The unfounded attacks and insults lodged against the National Organization for Marriage have increased recently by an ever ravenous opposition. The Humans Rights Campaign has shamelessly published NOMs confidential IRS records, and last month a federal judge unsealed some of NOM’s constitutionally protected internal reports.
Not surprisingly, those who seek to redefine marriage immediately seized upon the opportunity to attack NOM based on these documents with salacious accusations and vilifications.
NOM’s political adversaries have violently reacted to its efforts to leverage an inconvenient truth: African-Americans and Hispanics, as a community, generally reject same-sex “marriage.” They don’t see the redefinition of marriage as a civil rights issue. And it was this disdain for that comparison which compelled large numbers of minority voters in 2008 to vote for Proposition 8 in California while at the same time voting for Barack Obama.

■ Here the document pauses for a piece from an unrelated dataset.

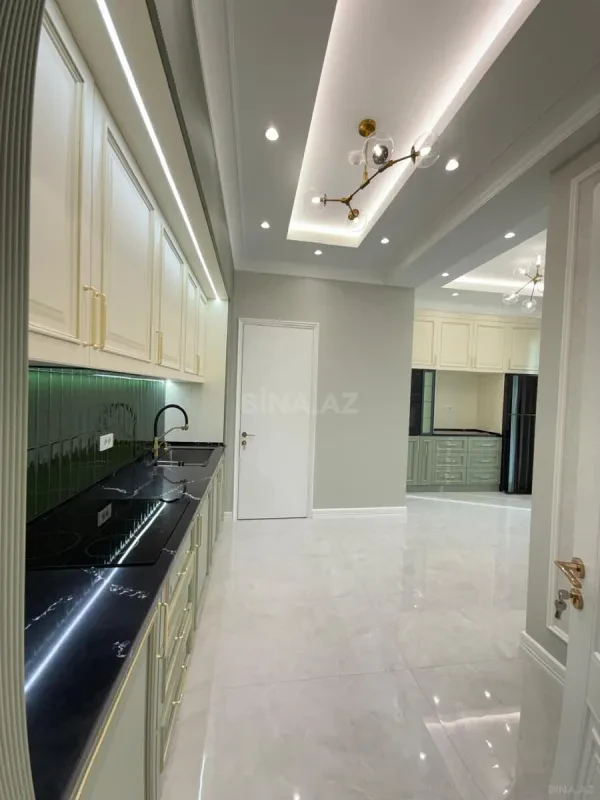 Satılır 4 otaqlı mənzil 180 m²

Perhaps that’s why the president has maintained the curious inconsistency of publicly stating that he supports marriage as the union of a man and a woman while refusing to defend the federal law which defines marriage as such. Perhaps that’s also why Attorney General Eric Holder, when attempting to justify why the Obama administration would no longer comply with its constitutional duty to defend marriage in court, avoided making any comparison between the time-tested opposite-sex definition of marriage reflected in our legal history and tradition and the historically recent and short lived laws that prohibited interracial marriage. Coincidence? I think not.
But other advocates for redefining marriage persistently play the “race card” by claiming that the universal definition of marriage as the exclusive union of man and wife is somehow comparable to laws which sprang up in the United States as the result of white supremacist activism. But laws that prohibited whites from marrying blacks were unknown under common law and were only in effect for a relatively short time in some states.
One’s race is critically different from one’s sex when it comes to marriage. Our marital heritage reflects an intentional complementary design to bring men and women together for the sake of children and society as a whole. But laws prohibiting whites from marrying blacks were intentionally designed to keep men and women apart to the detriment of children and society. Moreover, such laws were clearly in violation of the 14th Amendment to the U.S. Constitution, which was enacted specifically to address racial inequality under the law in the wake of the Civil War.
So why are HRC, The New York Times, and others attempting demonize NOM simply because they have sought to marshal the black and Hispanic communities to speak out for marriage—and much to the chagrin of the Democratic Party, which is in the precarious position of opposing and potentially alienating a segment of largely Democratic supporters who support marriage? Why wouldn’t NOM seek to organize, support, and encourage those groups to uphold the integrity of marriage? There is nothing sinister or underhanded about that. The question we should be asking is why the Democratic Party feels that it can ignore this significant segment of its constituency with impunity.
The reason why NOM’s opponents are so enraged is because NOM is effective. So rather than address the substantive merits of the marriage debate, they engage in unsubstantiated character assignation—no differently than what they have done and continue to do to any individual or organization that supports marriage. That’s why HRC released what they had to know were confidential IRS records, which likely came directly and illegally from an IRS official. Those documents reflect the names of confidential donors who, understandably, might want to remain anonymous lest they suffer the same hate-filled personal and professional attacks that NOM and their allies endure daily for standing up for what they believe is right. So much for tolerance.